Test debut: 15 June 1935
Last Test: 15 June 1935
Source: [1]

Norman Stewart "Mandy" Mitchell-Innes (September 7, 1914 - December 28, 2006) was an English cricketer who played in one Test in May 1935. He became England's oldest surviving Test cricketer on 7 October 2001, on the death of Alf Gover. Following his own death, that distinction passed to Ken Cranston, who himself died a few days later. Mitchell-Innes was also the last surviving English cricketer to have played Test cricket before the Second World War.

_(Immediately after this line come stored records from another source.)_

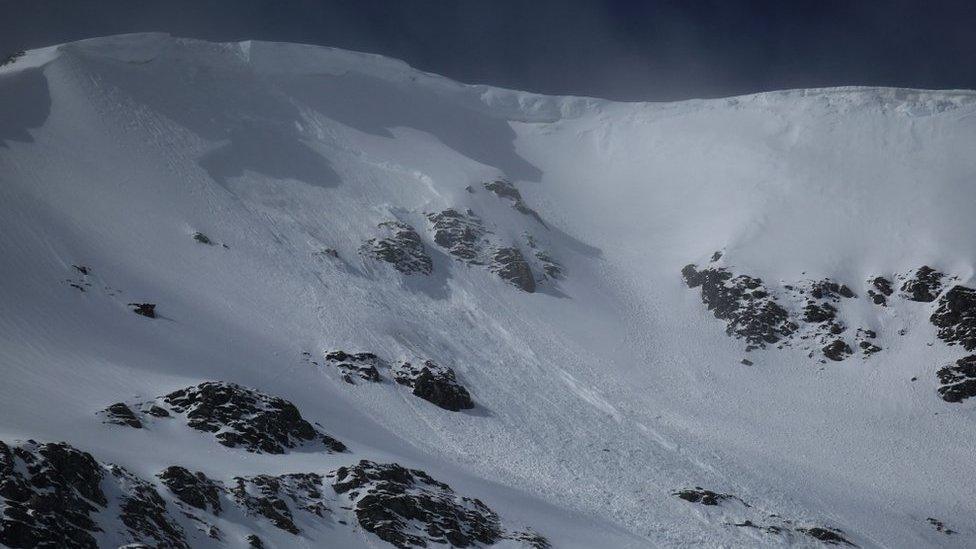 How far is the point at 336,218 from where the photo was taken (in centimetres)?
6425

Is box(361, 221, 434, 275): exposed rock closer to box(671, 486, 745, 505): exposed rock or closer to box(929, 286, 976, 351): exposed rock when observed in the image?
box(671, 486, 745, 505): exposed rock

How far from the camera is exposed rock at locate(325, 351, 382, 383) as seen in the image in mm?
43062

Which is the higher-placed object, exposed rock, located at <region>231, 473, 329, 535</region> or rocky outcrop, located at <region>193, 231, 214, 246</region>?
rocky outcrop, located at <region>193, 231, 214, 246</region>

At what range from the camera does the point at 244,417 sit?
101 ft

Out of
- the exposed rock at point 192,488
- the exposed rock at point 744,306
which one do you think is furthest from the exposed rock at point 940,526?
the exposed rock at point 192,488

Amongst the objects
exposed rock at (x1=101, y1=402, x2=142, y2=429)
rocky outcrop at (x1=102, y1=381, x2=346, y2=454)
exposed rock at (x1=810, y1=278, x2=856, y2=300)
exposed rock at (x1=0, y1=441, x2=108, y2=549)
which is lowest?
exposed rock at (x1=0, y1=441, x2=108, y2=549)

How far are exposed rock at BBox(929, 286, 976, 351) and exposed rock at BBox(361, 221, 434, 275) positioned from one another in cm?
4458

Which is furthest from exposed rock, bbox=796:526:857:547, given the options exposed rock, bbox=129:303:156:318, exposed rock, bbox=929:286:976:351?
exposed rock, bbox=129:303:156:318

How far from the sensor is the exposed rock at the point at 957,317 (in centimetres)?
5416

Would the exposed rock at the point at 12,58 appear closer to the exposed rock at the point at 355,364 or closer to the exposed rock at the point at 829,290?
the exposed rock at the point at 355,364

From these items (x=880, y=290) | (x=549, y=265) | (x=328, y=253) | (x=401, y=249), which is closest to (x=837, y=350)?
(x=880, y=290)

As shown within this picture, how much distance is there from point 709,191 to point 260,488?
70706 mm

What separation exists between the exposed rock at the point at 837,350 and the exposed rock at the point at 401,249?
118ft

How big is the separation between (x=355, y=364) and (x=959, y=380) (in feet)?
150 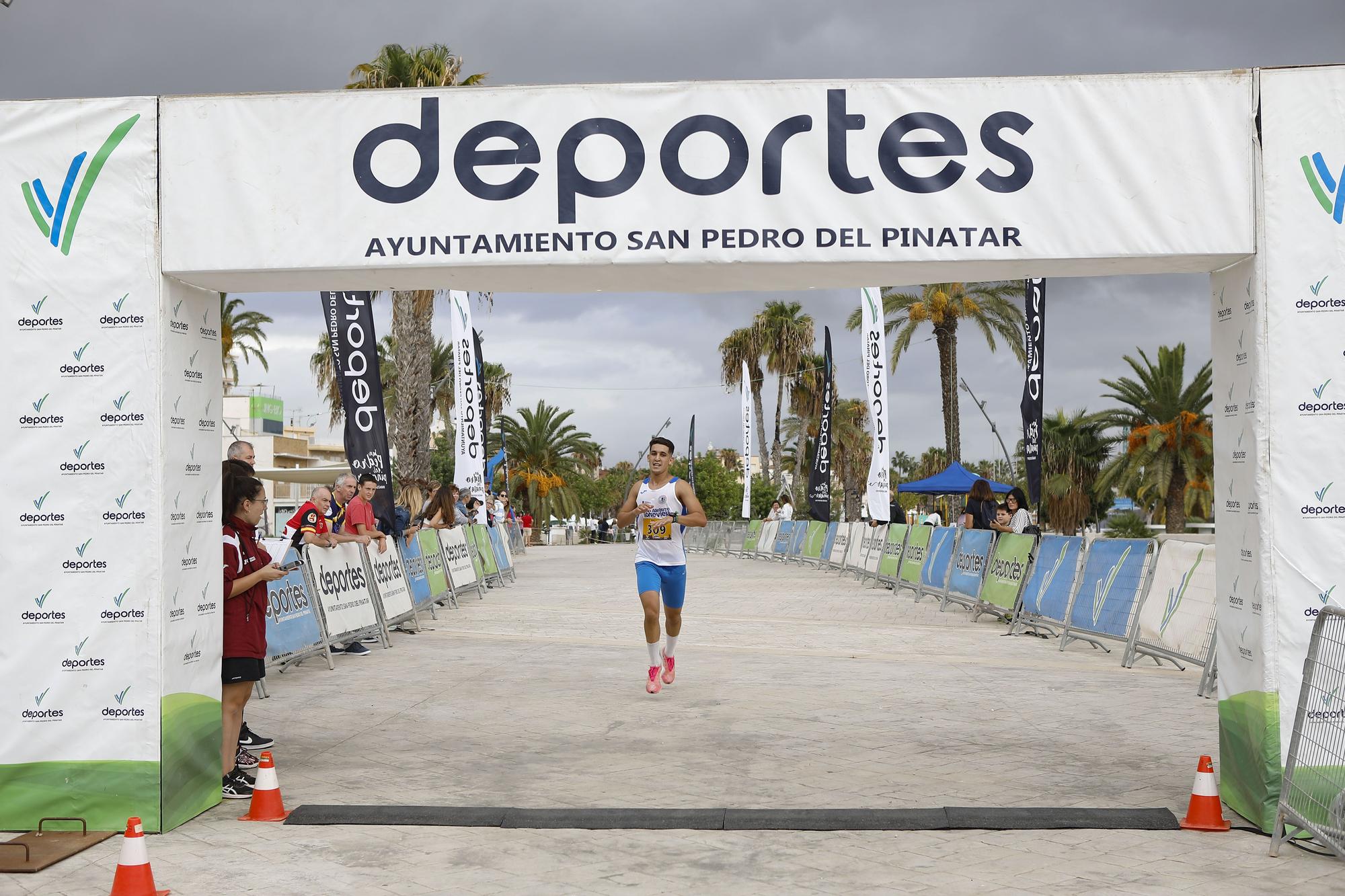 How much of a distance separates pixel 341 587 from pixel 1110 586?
7779 mm

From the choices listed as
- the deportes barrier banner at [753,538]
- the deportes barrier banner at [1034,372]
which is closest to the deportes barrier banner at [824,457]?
the deportes barrier banner at [753,538]

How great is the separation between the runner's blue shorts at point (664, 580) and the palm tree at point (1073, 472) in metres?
43.2

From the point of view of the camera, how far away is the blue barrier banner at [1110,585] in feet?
37.3

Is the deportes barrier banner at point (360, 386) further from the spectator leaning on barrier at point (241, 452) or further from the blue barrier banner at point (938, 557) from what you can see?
the blue barrier banner at point (938, 557)

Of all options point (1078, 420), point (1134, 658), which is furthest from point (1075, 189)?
point (1078, 420)

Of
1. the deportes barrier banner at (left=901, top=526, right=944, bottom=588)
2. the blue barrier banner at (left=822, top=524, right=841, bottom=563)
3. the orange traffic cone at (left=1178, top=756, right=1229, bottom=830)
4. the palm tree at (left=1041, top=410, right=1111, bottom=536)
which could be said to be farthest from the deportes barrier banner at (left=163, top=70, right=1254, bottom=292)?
the palm tree at (left=1041, top=410, right=1111, bottom=536)

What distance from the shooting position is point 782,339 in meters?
60.7

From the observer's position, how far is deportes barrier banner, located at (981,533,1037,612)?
1400 centimetres

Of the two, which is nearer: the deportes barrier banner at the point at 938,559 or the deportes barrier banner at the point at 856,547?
the deportes barrier banner at the point at 938,559

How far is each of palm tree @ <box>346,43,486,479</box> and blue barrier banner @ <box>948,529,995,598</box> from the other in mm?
12461

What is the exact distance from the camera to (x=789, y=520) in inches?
1266

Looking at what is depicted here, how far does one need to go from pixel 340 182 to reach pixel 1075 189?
12.7 feet

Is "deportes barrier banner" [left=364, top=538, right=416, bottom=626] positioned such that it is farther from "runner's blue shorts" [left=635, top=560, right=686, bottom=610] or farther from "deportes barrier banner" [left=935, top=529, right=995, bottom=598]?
"deportes barrier banner" [left=935, top=529, right=995, bottom=598]

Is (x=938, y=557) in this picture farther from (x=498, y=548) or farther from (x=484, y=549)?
(x=498, y=548) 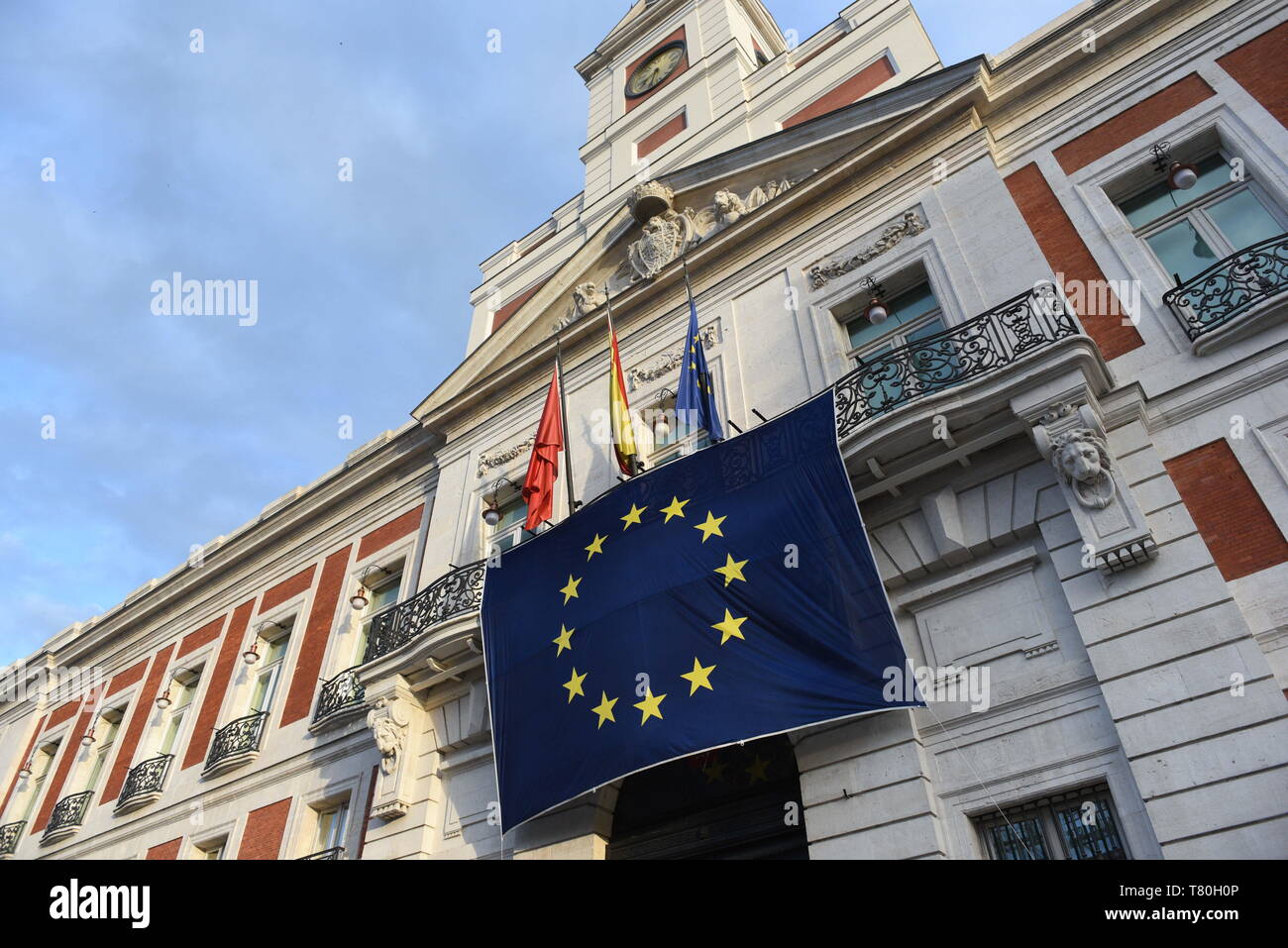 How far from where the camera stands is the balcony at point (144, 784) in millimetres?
17578

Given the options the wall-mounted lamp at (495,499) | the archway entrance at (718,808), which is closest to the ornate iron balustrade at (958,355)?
the archway entrance at (718,808)

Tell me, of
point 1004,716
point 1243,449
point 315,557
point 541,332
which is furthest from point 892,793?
point 315,557

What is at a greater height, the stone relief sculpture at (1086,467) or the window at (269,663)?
the window at (269,663)

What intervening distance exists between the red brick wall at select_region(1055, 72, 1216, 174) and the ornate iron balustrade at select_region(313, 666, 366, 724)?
13558mm

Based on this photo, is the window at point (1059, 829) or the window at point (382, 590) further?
the window at point (382, 590)

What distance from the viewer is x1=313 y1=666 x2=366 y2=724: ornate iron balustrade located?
15104 millimetres

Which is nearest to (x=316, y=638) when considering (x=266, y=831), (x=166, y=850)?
(x=266, y=831)

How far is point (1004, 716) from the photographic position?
8695mm

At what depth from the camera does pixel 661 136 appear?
67.4 feet

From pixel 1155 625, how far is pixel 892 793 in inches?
115

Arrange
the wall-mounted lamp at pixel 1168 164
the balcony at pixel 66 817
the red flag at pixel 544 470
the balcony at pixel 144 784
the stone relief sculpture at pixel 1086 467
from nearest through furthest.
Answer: the stone relief sculpture at pixel 1086 467 < the wall-mounted lamp at pixel 1168 164 < the red flag at pixel 544 470 < the balcony at pixel 144 784 < the balcony at pixel 66 817

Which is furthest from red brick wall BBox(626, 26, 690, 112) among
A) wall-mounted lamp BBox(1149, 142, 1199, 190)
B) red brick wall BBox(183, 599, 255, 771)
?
red brick wall BBox(183, 599, 255, 771)

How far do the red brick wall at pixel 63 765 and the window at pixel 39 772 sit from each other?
2.05ft

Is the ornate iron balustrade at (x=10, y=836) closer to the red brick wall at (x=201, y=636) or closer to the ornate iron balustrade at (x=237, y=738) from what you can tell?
the red brick wall at (x=201, y=636) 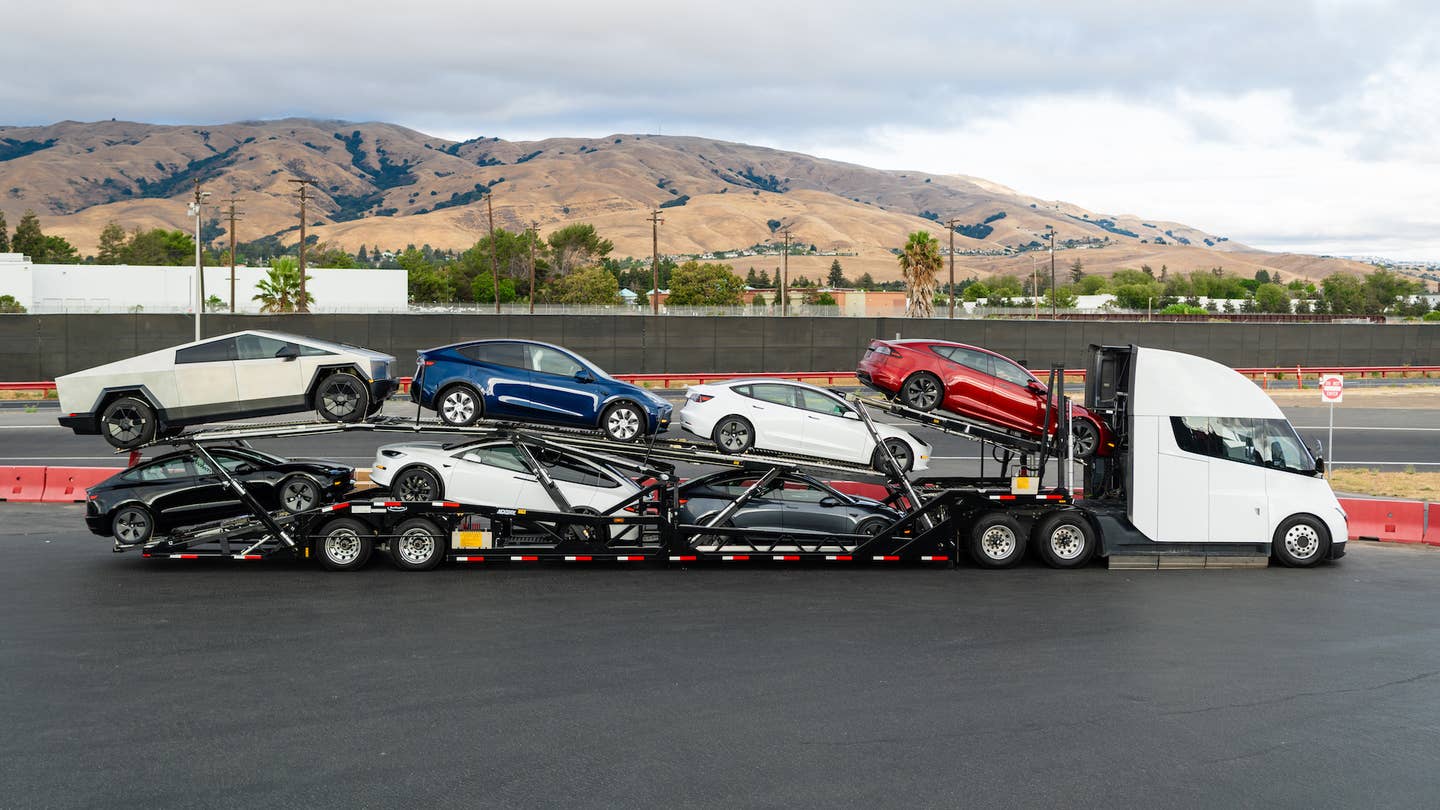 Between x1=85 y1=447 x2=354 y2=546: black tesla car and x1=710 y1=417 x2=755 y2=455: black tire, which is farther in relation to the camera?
x1=710 y1=417 x2=755 y2=455: black tire

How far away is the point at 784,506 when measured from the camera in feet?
47.5

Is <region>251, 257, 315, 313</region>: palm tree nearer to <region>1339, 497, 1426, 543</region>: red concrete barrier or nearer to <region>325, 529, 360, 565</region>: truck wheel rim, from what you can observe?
<region>325, 529, 360, 565</region>: truck wheel rim

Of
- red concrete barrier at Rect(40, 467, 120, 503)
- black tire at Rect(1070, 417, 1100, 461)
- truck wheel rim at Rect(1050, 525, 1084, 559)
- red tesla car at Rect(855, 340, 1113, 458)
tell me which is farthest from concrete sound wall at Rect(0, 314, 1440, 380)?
truck wheel rim at Rect(1050, 525, 1084, 559)

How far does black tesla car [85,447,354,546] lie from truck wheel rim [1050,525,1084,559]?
31.6ft

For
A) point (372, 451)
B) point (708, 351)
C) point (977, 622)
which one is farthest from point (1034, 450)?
point (708, 351)

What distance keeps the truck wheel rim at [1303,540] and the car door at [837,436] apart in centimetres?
560

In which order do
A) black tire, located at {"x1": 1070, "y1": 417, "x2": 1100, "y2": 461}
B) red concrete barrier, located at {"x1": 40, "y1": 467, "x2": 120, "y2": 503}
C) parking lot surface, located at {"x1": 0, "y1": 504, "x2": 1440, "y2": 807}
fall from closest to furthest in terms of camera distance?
parking lot surface, located at {"x1": 0, "y1": 504, "x2": 1440, "y2": 807}, black tire, located at {"x1": 1070, "y1": 417, "x2": 1100, "y2": 461}, red concrete barrier, located at {"x1": 40, "y1": 467, "x2": 120, "y2": 503}

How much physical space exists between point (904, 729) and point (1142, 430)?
7.25 m

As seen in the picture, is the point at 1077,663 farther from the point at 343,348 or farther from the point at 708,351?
the point at 708,351

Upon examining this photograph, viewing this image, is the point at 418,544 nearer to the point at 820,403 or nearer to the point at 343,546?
the point at 343,546

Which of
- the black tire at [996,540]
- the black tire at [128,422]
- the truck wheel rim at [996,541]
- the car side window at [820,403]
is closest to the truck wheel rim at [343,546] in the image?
the black tire at [128,422]

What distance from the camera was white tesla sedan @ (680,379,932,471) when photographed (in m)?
15.3

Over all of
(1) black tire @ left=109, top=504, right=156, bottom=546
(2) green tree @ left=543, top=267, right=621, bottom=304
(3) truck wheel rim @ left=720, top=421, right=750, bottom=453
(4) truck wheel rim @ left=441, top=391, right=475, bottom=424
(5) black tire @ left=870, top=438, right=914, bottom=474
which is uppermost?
(2) green tree @ left=543, top=267, right=621, bottom=304

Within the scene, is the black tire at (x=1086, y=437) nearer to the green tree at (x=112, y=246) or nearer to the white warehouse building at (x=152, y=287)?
the white warehouse building at (x=152, y=287) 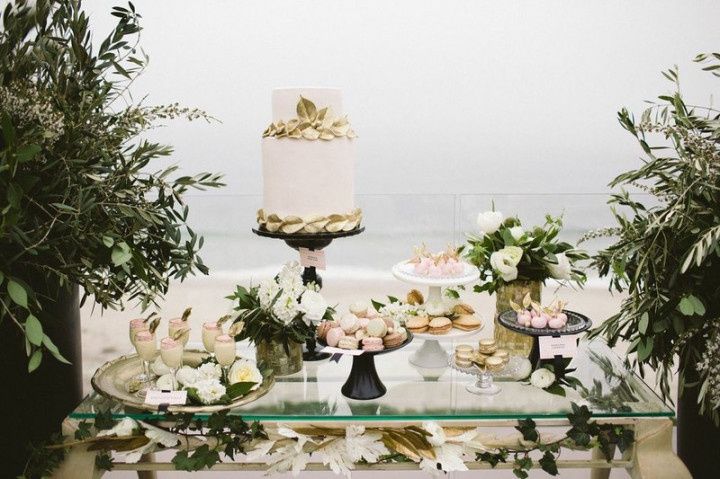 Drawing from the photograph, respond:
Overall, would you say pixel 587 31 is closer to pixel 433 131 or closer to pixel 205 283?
pixel 433 131

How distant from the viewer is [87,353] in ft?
16.9

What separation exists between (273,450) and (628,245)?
1.22 meters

Mitchell-Innes was born in Calcutta, where his father was a businessman of SCottish descent. He returned to England with his family at the age of 5 to live in Somerset. He was educated at Sedbergh School, where he was a precocious schoolboy batsman - he scored 302 in a house match in one afternoon. He played for Somerset against Warwickshire at Taunton in August 1931, while still a 16 year old schoolboy, returning by overnight train from a golf tournament in Scotland. He won an exhibition to read law at Brasenose College, Oxford in 1934. Despite suffering from hay fever, which occasionally affected his performance, he scored a record 3,319 runs for Oxford University Cricket Club from 1934 to 1937, at an average of 47.41, an aggregate which has never been surpassed. He captained Oxford in 1936 and 1937. He also played in four Gentlemen v. Players matches from 1934 to 1937, one at Folkestone and three at Lord's, and for Scotland in 1937. He also captained Oxford at golf; his grandfather, Gilbert Mitchell-Innes, had been a captain of Prestwick golf club, where the Open Championship originated.

He was still a student when he was called up by Plum Warner to play in his only Test for England, the first Test against South Africa at Trent Bridge in June 1935. Warner, chairman of the England selectors, had seen him score 168 for Oxford against the tourists, but he was out for only 5 in the Test, which ended in a draw. He was also selected for the second Test, at Lord's, but withdrew on account of his hay fever, worrying that he might sneeze just as he was about to take a catch in the slips, and was replaced by Errol Holmes. He never played for England again. He toured Australia and New Zealand with an MCC team in 1935-36, but no Tests were scheduled.

He joined the Sudan Political Service after graduating in 1937, reducing his opportunities to play first-class cricket, but he continued to appear for Somerset occasionally until 1949. He was one of the three joint captains of Somerset in 1948, alongside Jake Seamer and George Woodhouse, but he played in only 5 matches that year. He left the Sudan Political Service in 1954, and was company secretary of Vaux Breweries in Sunderland for 25 years.

He married Patricia Rossiter in 1944, and they had a son and daughter together. He retired to Herefordshire in 1980, and lived with his daughter in Monmouthshire after his wife died in 1989. He was survived by his son and daughter.